Documentation
¶
Index ¶
- Variables
- func AvailabilityError() error
- func ExtractNumericFields(data []byte) (map[string]float64, error)
- func HasOpenZL() bool
- func IsAvailable() bool
- func NewFactory() processor.Factory
- func TestDelimiterFixWithStatisticalSignificance(t *testing.T)
- func ValidateConfig(cfg DetectorConfig) error
- func ValidateLibrary() error
- type Config
- type Detector
- type DetectorConfig
- type EnhancedMetrics
- type KafkaConfig
- type Metrics
- type NumericFieldExtractor
- type NumericStats
- type NumericStatsRegistry
- type NumericStatsSnapshot
- type RedisConfig
- type Tokenizer
- type TokenizerConfig
- type TokenizerStats
- type ValueOutlier
Constants ¶
This section is empty.
Variables ¶
var ErrCBADPanic = errors.New("CBAD internal panic - Rust panic caught at FFI boundary")
ErrCBADPanic indicates a Rust panic was caught in the CBAD library.
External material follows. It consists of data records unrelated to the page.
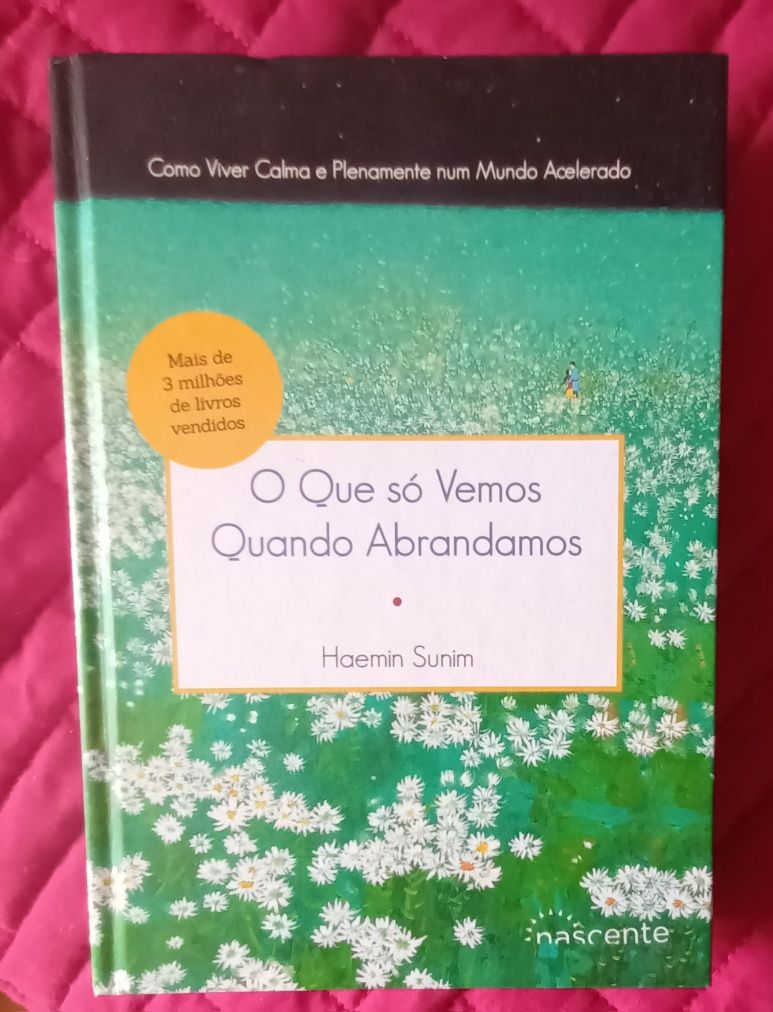 O Que Só Vemos Quando Abrandamos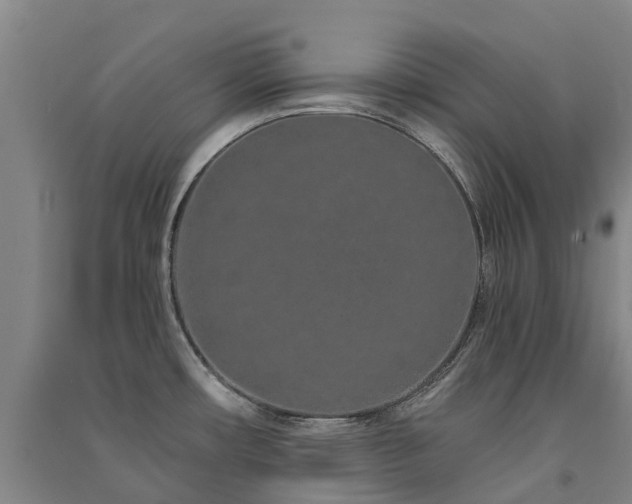 X0000091561482200708171315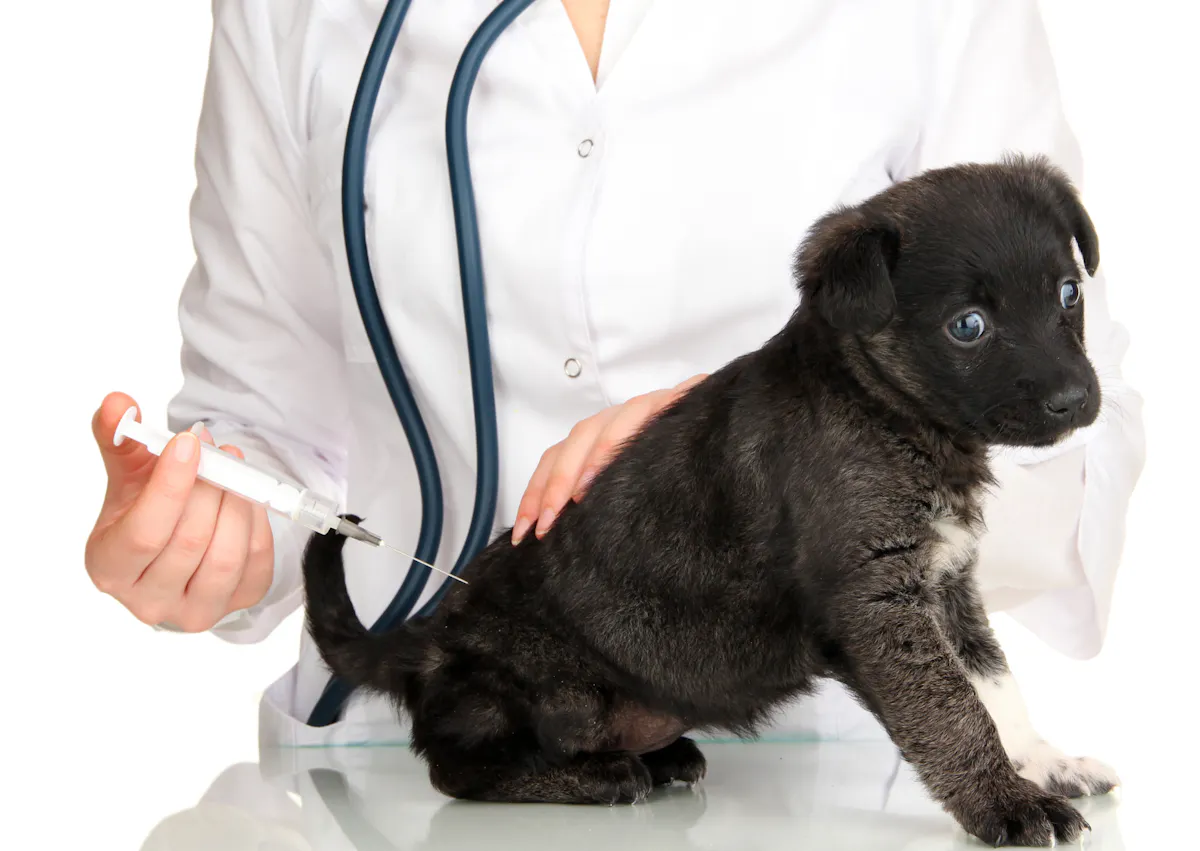 chiot qui se fait vacciner dans le dos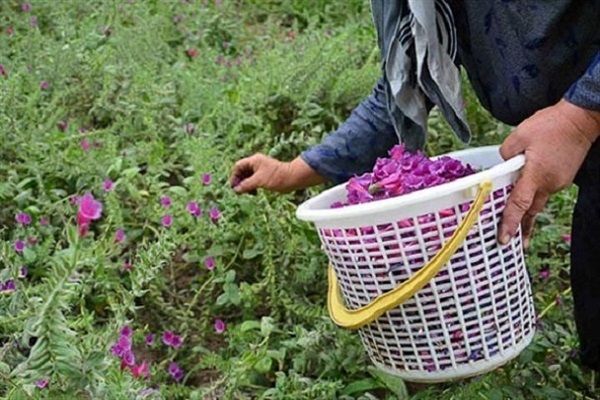 کشت گیاهان دارویی
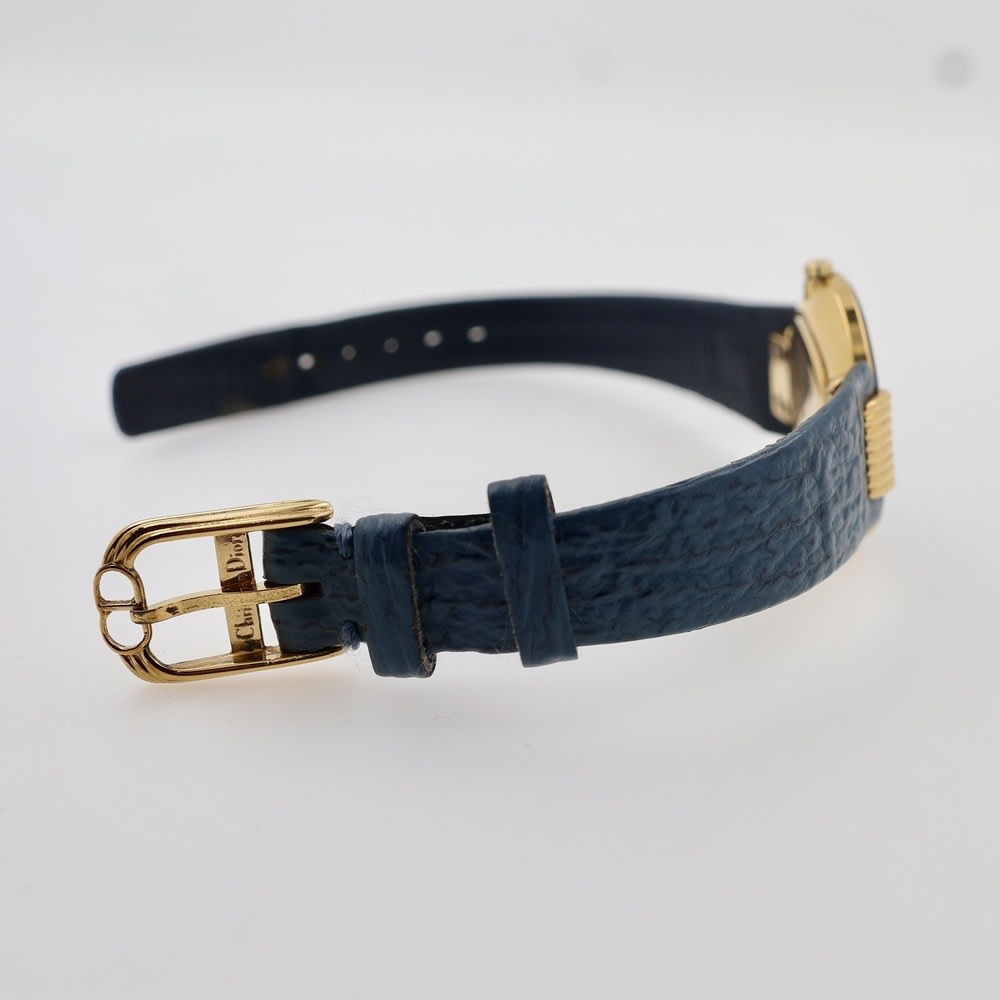 Christian Dior Bagheera Black Moon view 5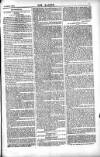 Dublin Weekly Nation Saturday 09 March 1889 Page 7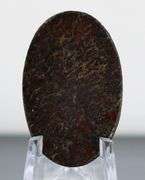 Marvelous 24.24ct cabochon cut from dinosaur bone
This is a critical error indicating a bug in the Rust code.
Functions ¶
func AvailabilityError ¶
func AvailabilityError() error
AvailabilityError returns the last validation error, if any.
func ExtractNumericFields ¶
ExtractNumericFields recursively extracts all numeric fields from JSON. Returns map of field paths (dot-notation) to values. Example: {"user": {"age": 25}} -> {"user.age": 25}
func HasOpenZL ¶
func HasOpenZL() bool
HasOpenZL returns true when the linked Rust library was built with the optional OpenZL feature.
func IsAvailable ¶
func IsAvailable() bool
IsAvailable reports whether the CBAD Rust core is reachable via CGO.
func NewFactory ¶
func ValidateConfig ¶
func ValidateConfig(cfg DetectorConfig) error
ValidateConfig checks if the detector configuration is valid
func ValidateLibrary ¶
func ValidateLibrary() error
ValidateLibrary checks if the CBAD library is properly loaded and functional
Types ¶
type Config ¶
type Config struct {
// Embed the component.Config interface to satisfy the component configuration contract
component.Config `mapstructure:",squash"`
WindowSize int `mapstructure:"window_size"`
HopSize int `mapstructure:"hop_size"`
Threshold float64 `mapstructure:"threshold"`
Determinism bool `mapstructure:"determinism"`
// Kafka configuration for publishing OTLP events
Kafka KafkaConfig `mapstructure:"kafka"`
// Redis configuration for distributed state management
Redis RedisConfig `mapstructure:"redis"`
}
Config defines the configuration for the driftlock CBAD processor
type Detector ¶
type Detector struct {
// contains filtered or unexported fields
}
Detector represents a streaming anomaly detector
func NewDetector ¶
func NewDetector(config DetectorConfig) (*Detector, error)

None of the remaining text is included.